MacFusion requires the installation of an OSX kernel extenstion and some associated tools. OSXFuse provides the needed extension. OSXFuse implements a so called ” FileSystem in USErspace”. This technology is described here. There exist FUSE kernel modules for most flavors of unix and linux.  The procedure for installing OSXFuse and MACFusion is described below.

  1. Downloaded OSXFUSE from sourceforge repository
    http://sourceforge.net/projects/osxfuse/
  2. install OSXFUSE
    Launch the OSXFUSE installer and perform a custom install.  Be sure to select “MacFuse Compatibility Layer” in the Custom Install screen. After installing the kernel extension it may, or may not, be necessary to reboot your mac.Screen Shot 2014-02-13 at 1.25.09 PM
  3. Download and install the Macfusion app from:
    http://macfusionapp.org
  4.   Startup MacFusion, and create an entry for jhpce-transfer01.jhsph.edu — enter your login and password.
    — select a mount point, e.g. ~/jhpce/myhome/
  5. Once the drive is mounted, you can cd to the directory in the shell or view it  in a window on your desktop. To do this you need to “Reveal” the drive by pressing ⌘-R.  Once the directory is revealed, you can drag and drop files into the director in the usual way you drag and drop files into any directory on your mac.

ftp

We don’t have the ftp client installed on the cluster.  It is an older, less secure, unencrypted channel for transferring files.  However if you are downloading files from an older site that does not support SFTP or one of the other more modern mechanisms, you have a couple of options for ftp.

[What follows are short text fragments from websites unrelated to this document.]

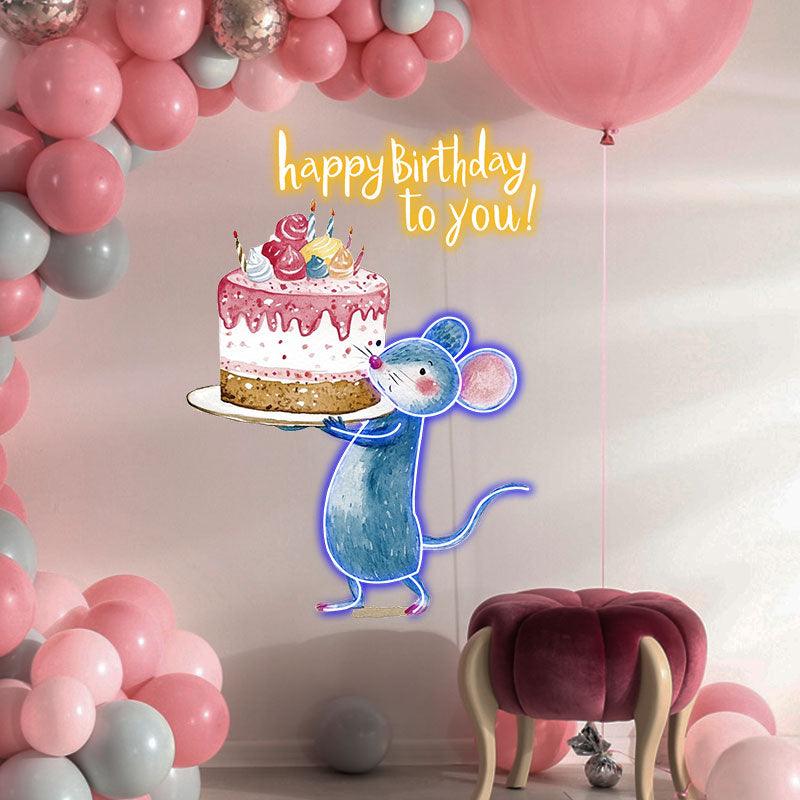 Little Mouse Lifting Big Cake Happy Birthday Neon | LED Decoration Lights | Cute Birthday Party Decoration | Creative Gifts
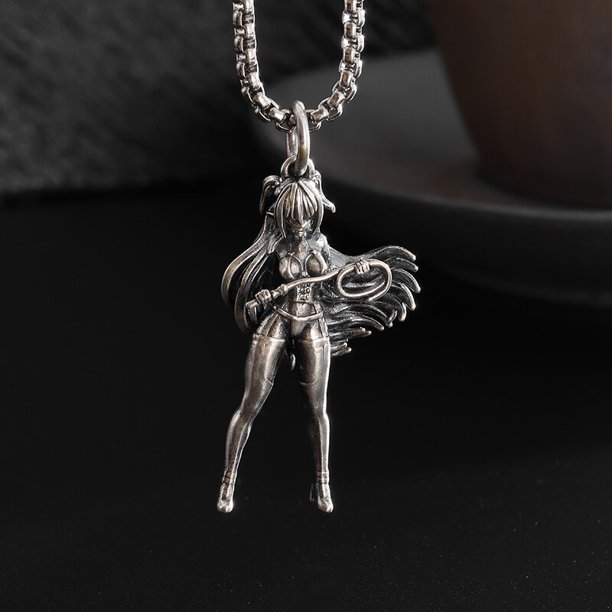 Collar con colgante de Ángel Succubus para hombre y mujer, diseño creativo, tendencia de moda, accesorios de calle Punk, joyería de acero inoxidable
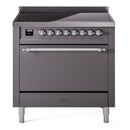ILVE 36-Inch Nostalgie II Induction Range with Solid Door Oven in Matte Graphite in Chrome Trim (UPI366QNMPMGC)
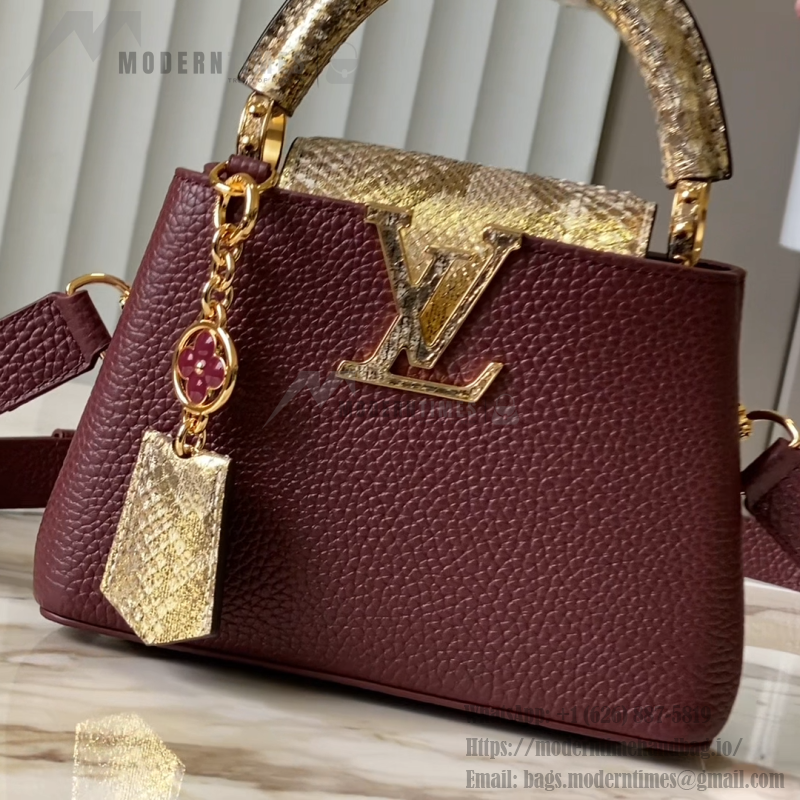 Louis Vuitton Capucines Bag in Burgundy with Golden Snake Handle and Monogram Chain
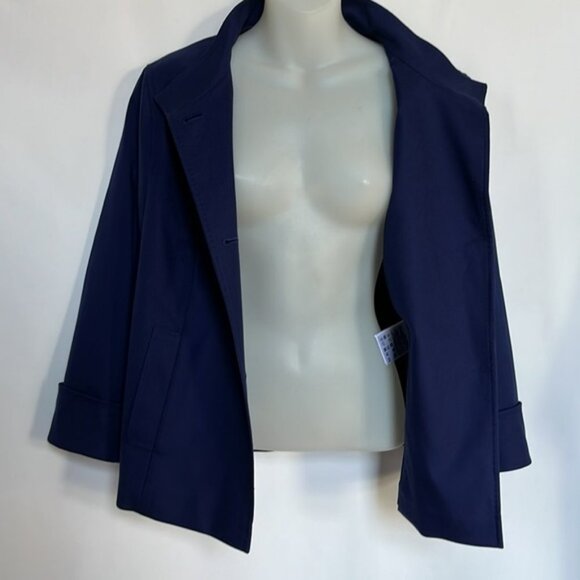 Escada Indigo Blue Coat Jacket with Golden Buttons Front Pockets Size L - Picture 12 of 15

If you want to be able to interactively browse through the ftp site you can use the “lynx” text based browser command:

lynx ftp://USER@ftp.site.gov

Once connected, you can then use the arrow keys to move around the site, and to select a file to download or a directory to descend into.

If you know the exact path to the file you want, you can use the “wget” command:

wget ftp://USER:PASSWORD@ftp.site.gov/path/to/file

All of these should be done from the “rnet” queue to make use of our high speed ScienceDMZ network connection.